Ukrainian president Volodymyr Zelensky (Getty Images)
February 7, 2024

Ukraine’s war to repel Russia’s illegal and brutal invasion will soon be two years old. Many of those who watched the Russian military build-up back then are surprised Ukraine is still here and fighting. Very few could imagine the former Soviet republic fighting Moscow’s military to a standstill.

But regardless of Ukraine’s heroic performance and the military’s mounting losses, Russian president Vladimir Putin shows no sign of backing down. In a rational world Russia would pull out of Ukraine and find a way to exit the conflict, but Putin shows no willingness to admit this "special military operation" has failed.

There is instead a discouraging sense that "Putin has no reverse gear," one close friend told me. "Therefore, no one knows how long this war could last." Speaking with longtime colleagues in Ukraine’s defense community, it's clear people are beaten down, exhausted, and unsure of how to break out of the current deadlock.

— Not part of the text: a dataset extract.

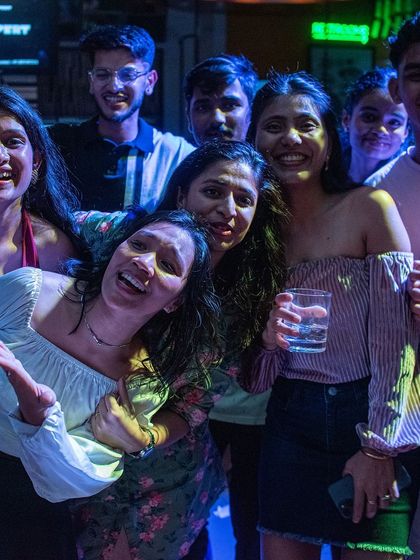 A group of friends having a laugh at Foxtrot. It's these moments of connection that make a party special.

Since the 2014 invasions of Crimea and the Eastern Donbas regions of Donetsk and Lugansk, this same friend has been running a company supplying combat equipment. "No one can see the end point," he said. "Ukraine’s troops cannot keep fighting at this pace for forever. They are trained, performing, equipped, and so on superbly. But the Russians have no end of low-quality personnel to throw into human wave attacks. Our soldiers have been fighting for two years without a break, without any rotations out of the front line. They cannot maintain this op-tempo indefinitely."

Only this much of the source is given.